Pour House Of Cards, le scenario est clair et précis. L’intrigue politique n’a rien d’incompréhensible et est constamment renouvelée. Beau Wilimon, qui s’occupe de la série, n’est pas un novice en la matière car il avait déjà signé le très bon scenario des Marches du Pouvoir qui lui avait valu trois nominations de prestige aux Oscars, aux Golden Globes et aux BAFTA. Divers sujets sont traités comme les reformes, les luttes internes, les élections, les syndicats et bien évidemment l’omniprésence des journalistes à l’heure de l’information immédiate via Internet et la télévision. Le premier grand rôle de Kate Mara commence dans les arcanes de la presse écrite.
Cette pluralité des moyens utilisés pour faire avancer l’histoire lui instaure un rythme soutenu et riche en surprises. L’antagonisme entre les off et la communication politique donne une constante impression que chaque situation se joue sur une corde raide.
Au cœur des magouilles et de la recherche de consensus, les hommes du Capitole se font balader tels des pions par Frank Underwood. Cet homme puissant écrase tout le monde et n’a peur de rien. Les symboles le caractérisant sont forts et nombreux (il joue seul aux échecs, se détend devant un jeu vidéo de guerre,…). Un sentiment d’empathie se crée malgré tout devant cette fascinante personnalité: tout le monde rêverait d’avoir une rhétorique si parfaite, des convictions si fortes et un pouvoir de persuasion si développé. Sous la carapace inflexible se cache pourtant quelqu’un qui doute parfois et crains plus que tout la défaite. Kevin Spacey joue donc un rôle taillé sur mesure, tout comme ses costumes qui semblent être sa deuxième peau. L’acteur excelle de mille feux et rappelle à tous l’immensité de son talent. Les dialogues sont bien écrits et détonnent lorsque Spacey se tourne face caméra pour expliquer pensées et réflexions.

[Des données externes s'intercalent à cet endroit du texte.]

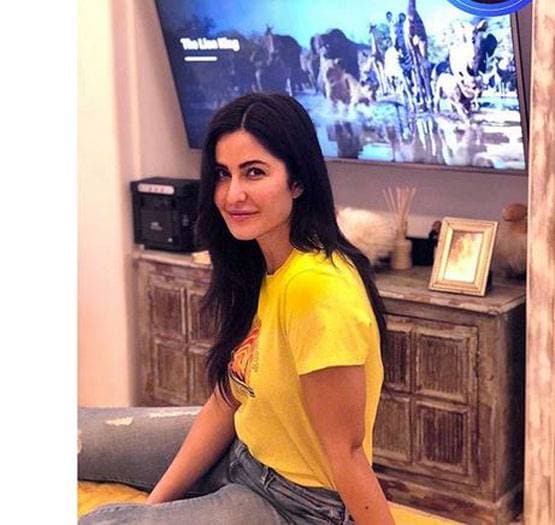 क्वारनटीन में बहन इसाबेल संग कटरीना कैफ की सेल्फी, Photo वायरल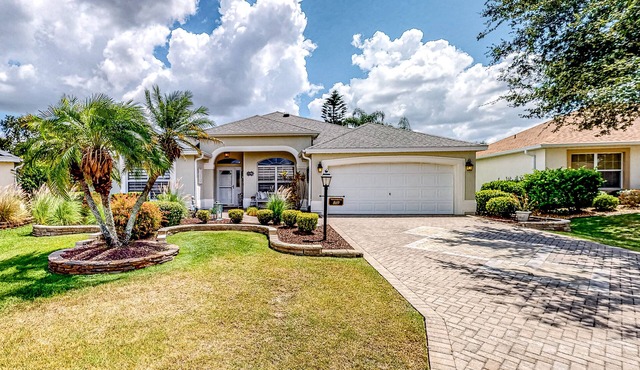 The Gardenia House | Home in The Villages with large yard & pool access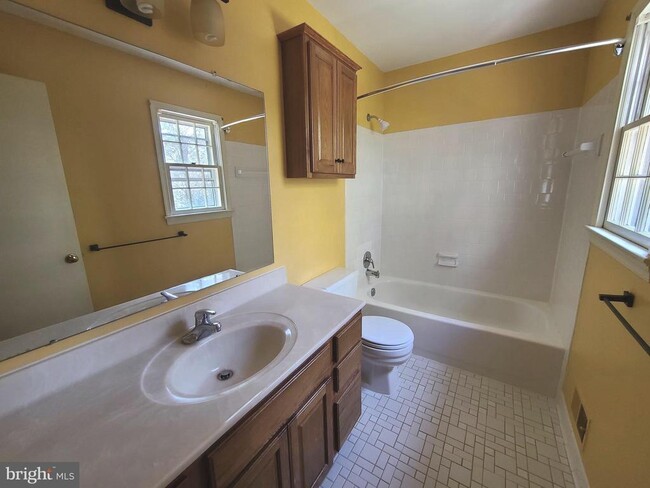 Building Photo - 8812 Danewood Dr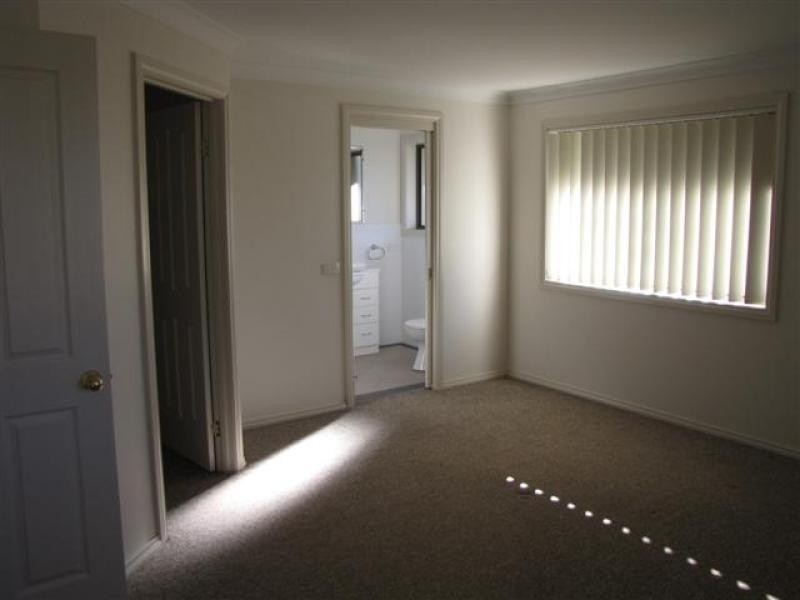 5 Harris Street, Tumut NSW 2720
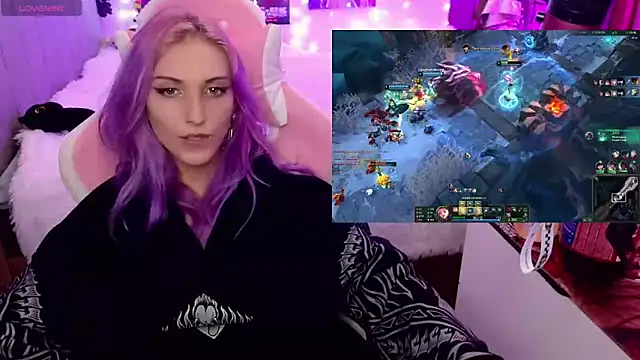 Snapshot of Violet_Noir chatting on 01/30/25, 02:58 Violet Noir online show from 01/30/25, 02:58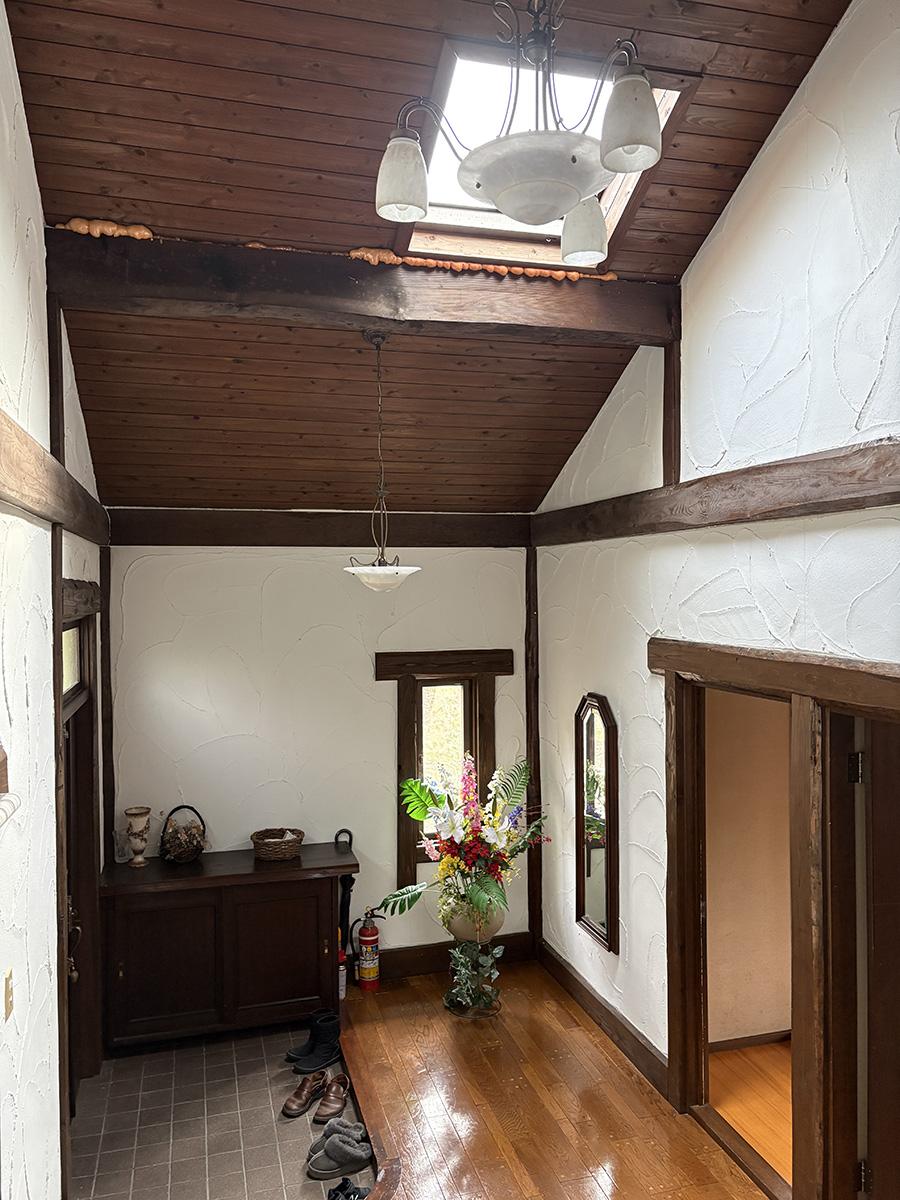 佐用郡佐用町下徳の売買物件/玄関は天井高もあって開放感十分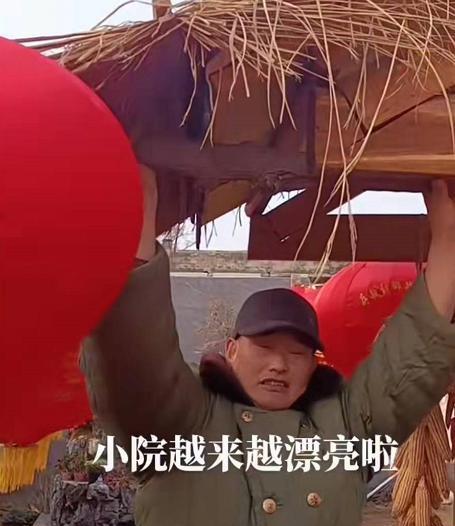 公主抱|朱之文家张灯结彩迎新年,穿军大衣逛集市,反被质疑是“炒棍”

Derrière tout grand homme il y a une femme, le couple Underwood est la clé du film. Madame Sean Penn (dans la vraie vie) dirige une importante association humanitaire qui est un nouvel atout dans la manche politique de son mari. Le relation entre eux est très forte et solennel: ils se disent tout, s’aident mutuellement et inspirent un amour profond malgré les dissonances que l’ambition peut créer.

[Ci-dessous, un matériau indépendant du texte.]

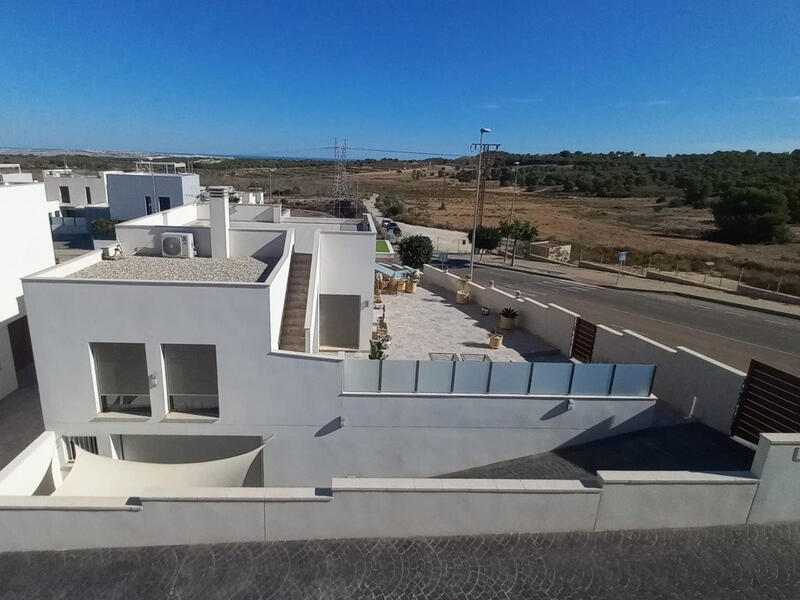 3 Cuarto Villa en venta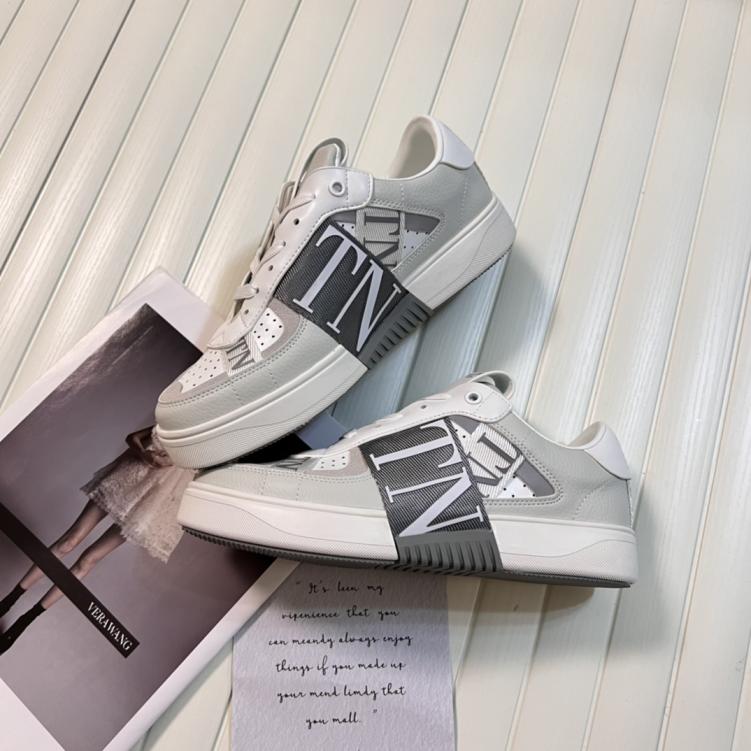 VALENTINO unisex sneakers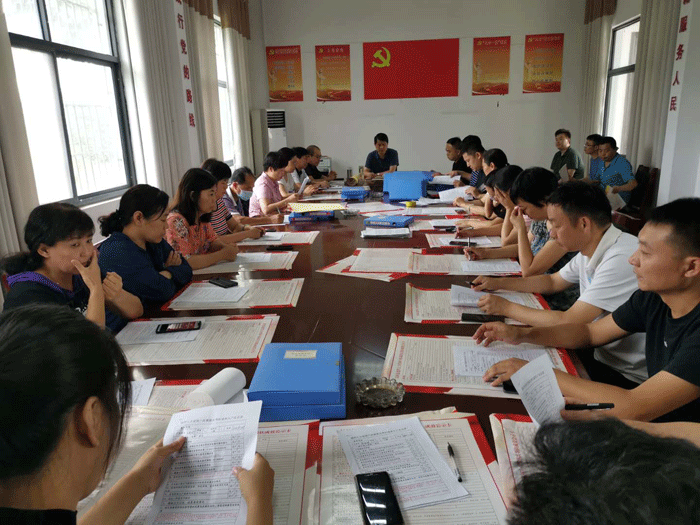 縣審計局：務(wù)實重干堅決打贏脫貧攻堅戰(zhàn)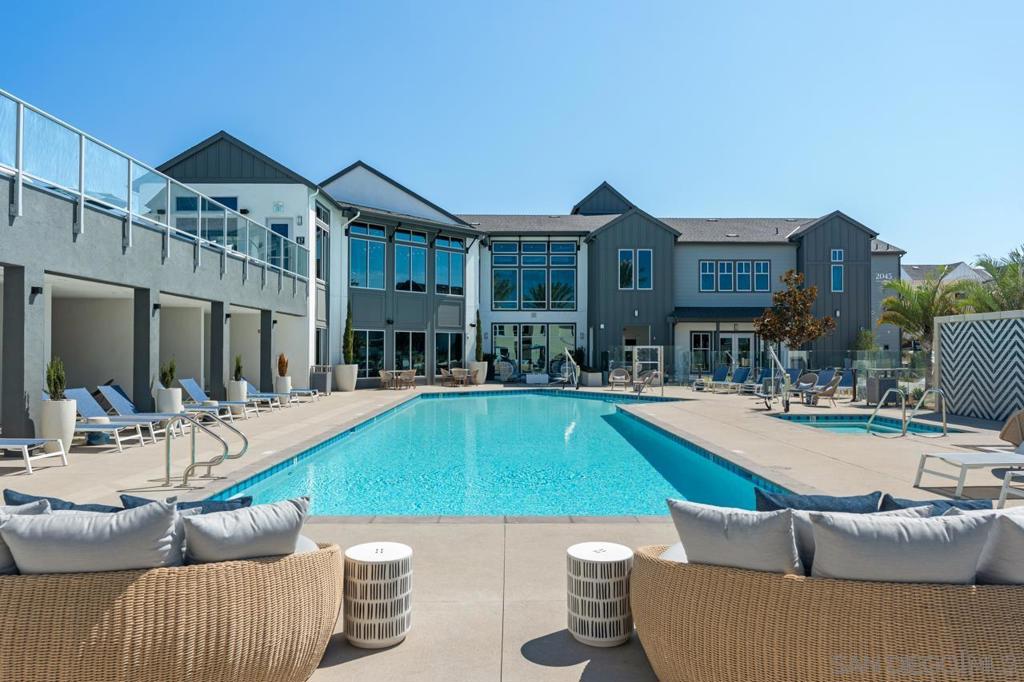Residential Lease for rent at 2095 Paseo Belluno #2, Chula Vista CA featuring 2 beds and 3 baths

Si chaque épisode accroche autant c’est aussi grâce à une mise en scène au poil. Le nombre important de décors intérieurs a forcé un gros travail à ce niveau. Tout est très épuré, généralement moderne, les couleurs tendent vers le terne mais chaque endroit à son propre cachet. « Dis moi où tu vis, je te dirai qui tu es » pourrais dire la célèbre maxime ! Les plans sont quant à eux très propres, les travellings aussi et tout bonnement parfaits dans le dernier épisode. Celui-ci clos d’ailleurs une saison très forte en émotions sans nous bombarder de teasing pour la suite.

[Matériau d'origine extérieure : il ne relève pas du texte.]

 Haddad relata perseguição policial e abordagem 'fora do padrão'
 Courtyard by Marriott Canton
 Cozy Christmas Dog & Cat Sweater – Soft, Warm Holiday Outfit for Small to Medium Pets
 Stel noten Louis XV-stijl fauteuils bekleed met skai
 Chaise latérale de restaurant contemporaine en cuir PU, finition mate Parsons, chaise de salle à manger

Plus que jamais le mot cinéma rime avec série TV. Dans ce thriller politique, l’intrigue parfaitement rythmée s’accorde avec une mise en scène géniale et un premier rôle parfait. Tout est si réussi que je me demande si le meilleur film de l’année ne sera pas une série ! Jodie Foster sera de la partie pour réaliser un épisode de la saison 2, ce qui prouve une fois encore qu’on touche peut être de l’or. People have (not really) the power.